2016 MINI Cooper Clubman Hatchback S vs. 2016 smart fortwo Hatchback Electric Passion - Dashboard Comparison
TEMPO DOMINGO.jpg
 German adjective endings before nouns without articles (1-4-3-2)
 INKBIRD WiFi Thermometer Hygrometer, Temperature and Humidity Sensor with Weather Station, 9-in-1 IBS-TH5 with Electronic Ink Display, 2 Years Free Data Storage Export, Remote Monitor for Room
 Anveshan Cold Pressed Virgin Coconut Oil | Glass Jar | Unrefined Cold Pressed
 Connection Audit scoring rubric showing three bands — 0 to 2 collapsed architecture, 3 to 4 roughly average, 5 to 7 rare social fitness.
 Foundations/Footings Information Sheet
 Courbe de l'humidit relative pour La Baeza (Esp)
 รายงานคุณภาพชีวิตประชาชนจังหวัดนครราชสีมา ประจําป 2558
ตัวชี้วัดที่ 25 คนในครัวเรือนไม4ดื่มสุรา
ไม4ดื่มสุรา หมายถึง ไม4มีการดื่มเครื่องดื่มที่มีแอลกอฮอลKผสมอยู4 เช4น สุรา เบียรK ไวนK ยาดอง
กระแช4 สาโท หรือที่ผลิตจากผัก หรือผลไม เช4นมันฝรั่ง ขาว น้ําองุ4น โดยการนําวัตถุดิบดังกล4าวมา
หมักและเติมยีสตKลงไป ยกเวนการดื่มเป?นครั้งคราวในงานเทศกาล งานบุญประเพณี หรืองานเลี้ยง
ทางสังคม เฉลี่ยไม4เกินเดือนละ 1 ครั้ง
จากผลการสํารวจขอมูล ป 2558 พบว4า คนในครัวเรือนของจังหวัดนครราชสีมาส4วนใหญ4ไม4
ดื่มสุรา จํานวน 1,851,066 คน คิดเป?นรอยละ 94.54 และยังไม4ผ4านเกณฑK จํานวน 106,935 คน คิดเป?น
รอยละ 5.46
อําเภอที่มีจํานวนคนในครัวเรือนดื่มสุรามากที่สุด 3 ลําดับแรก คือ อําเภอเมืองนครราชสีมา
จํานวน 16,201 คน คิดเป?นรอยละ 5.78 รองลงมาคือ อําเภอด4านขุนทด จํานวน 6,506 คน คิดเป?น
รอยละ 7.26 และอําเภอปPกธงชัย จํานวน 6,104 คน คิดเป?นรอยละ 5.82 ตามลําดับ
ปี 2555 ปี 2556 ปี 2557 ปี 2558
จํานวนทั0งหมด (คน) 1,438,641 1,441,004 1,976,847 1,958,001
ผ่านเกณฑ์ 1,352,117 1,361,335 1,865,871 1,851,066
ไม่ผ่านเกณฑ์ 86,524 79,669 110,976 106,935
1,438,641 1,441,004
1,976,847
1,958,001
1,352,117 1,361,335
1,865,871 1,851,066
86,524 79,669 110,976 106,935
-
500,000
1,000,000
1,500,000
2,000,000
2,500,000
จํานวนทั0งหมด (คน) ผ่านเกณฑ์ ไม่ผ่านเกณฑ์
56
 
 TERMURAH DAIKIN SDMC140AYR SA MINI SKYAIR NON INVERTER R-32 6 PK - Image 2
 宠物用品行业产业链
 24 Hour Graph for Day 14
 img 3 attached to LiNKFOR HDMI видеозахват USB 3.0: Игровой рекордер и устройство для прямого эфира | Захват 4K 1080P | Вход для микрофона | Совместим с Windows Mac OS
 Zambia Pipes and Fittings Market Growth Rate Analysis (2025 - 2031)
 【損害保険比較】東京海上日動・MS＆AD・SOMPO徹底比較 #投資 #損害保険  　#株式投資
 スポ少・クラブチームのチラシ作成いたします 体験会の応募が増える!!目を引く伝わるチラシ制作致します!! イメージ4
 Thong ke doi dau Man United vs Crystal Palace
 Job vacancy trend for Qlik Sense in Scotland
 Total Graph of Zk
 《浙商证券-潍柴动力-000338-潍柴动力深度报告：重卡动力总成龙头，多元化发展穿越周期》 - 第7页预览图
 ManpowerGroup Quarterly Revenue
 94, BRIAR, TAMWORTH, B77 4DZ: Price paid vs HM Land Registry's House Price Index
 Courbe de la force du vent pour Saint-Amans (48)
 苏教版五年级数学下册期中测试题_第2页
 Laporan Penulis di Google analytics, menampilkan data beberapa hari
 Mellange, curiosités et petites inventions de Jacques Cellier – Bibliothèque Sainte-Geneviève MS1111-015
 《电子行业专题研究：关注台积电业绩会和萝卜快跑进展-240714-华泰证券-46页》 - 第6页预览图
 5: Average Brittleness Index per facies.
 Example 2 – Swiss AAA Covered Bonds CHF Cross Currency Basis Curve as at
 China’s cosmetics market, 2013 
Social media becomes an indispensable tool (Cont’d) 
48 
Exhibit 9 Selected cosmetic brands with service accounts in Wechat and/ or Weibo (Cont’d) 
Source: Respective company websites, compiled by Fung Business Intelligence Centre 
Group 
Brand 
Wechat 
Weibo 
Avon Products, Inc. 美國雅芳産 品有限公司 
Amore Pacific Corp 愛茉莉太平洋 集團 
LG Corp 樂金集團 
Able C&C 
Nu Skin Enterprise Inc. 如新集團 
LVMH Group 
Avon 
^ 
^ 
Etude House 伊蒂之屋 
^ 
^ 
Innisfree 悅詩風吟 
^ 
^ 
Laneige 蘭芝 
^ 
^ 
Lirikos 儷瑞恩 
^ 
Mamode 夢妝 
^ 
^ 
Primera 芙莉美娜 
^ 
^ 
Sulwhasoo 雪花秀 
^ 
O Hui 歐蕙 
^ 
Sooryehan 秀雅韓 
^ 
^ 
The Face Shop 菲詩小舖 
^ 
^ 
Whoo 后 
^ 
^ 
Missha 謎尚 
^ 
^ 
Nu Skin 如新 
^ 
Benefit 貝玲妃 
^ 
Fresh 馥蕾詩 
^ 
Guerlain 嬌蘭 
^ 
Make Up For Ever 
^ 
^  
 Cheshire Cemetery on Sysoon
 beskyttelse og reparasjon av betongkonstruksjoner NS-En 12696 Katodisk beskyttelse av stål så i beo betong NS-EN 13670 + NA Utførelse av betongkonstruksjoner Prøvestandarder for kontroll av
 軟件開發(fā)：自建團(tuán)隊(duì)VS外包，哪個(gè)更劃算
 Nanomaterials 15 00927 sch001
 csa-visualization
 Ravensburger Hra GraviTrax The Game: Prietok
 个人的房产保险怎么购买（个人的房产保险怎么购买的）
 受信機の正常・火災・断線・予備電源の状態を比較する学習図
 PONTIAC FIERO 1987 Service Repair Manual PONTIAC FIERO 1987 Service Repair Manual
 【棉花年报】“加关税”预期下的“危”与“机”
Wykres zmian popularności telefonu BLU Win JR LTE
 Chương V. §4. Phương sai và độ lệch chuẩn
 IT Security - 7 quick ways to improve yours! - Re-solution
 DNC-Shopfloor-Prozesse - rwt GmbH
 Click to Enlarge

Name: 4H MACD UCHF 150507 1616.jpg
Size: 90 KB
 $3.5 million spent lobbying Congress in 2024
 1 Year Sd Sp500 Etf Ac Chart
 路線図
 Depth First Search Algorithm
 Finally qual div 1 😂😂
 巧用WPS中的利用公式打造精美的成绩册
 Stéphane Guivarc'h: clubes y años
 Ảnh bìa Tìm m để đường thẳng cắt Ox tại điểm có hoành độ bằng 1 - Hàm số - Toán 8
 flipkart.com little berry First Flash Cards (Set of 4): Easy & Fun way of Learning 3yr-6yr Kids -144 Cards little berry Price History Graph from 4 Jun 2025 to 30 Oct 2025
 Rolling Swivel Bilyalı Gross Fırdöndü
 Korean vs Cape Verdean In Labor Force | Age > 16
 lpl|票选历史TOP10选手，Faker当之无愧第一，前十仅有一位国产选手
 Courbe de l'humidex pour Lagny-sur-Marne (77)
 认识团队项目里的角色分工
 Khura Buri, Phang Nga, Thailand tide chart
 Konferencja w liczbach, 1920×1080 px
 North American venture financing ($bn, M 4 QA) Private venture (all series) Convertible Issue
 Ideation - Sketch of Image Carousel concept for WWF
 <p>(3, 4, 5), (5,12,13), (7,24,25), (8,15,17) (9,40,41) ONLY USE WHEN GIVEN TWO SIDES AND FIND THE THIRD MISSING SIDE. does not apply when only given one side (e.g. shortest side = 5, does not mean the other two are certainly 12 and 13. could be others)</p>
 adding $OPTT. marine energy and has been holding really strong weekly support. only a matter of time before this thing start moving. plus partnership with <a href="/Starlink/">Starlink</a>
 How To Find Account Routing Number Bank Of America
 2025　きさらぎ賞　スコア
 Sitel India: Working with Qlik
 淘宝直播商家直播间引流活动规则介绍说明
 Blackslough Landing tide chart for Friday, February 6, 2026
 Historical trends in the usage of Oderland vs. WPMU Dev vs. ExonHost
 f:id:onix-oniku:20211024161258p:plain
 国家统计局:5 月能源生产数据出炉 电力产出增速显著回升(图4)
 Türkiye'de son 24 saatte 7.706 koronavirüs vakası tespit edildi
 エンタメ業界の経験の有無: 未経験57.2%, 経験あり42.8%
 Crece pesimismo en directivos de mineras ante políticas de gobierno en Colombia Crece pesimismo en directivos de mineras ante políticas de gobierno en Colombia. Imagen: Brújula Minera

============

## Assignment
Each line in the data that holds the string "MINI" should be found and copied.

## Exercise result
2016 MINI Cooper Clubman Hatchback S vs. 2016 smart fortwo Hatchback Electric Passion - Dashboard Comparison
 TERMURAH DAIKIN SDMC140AYR SA MINI SKYAIR NON INVERTER R-32 6 PK - Image 2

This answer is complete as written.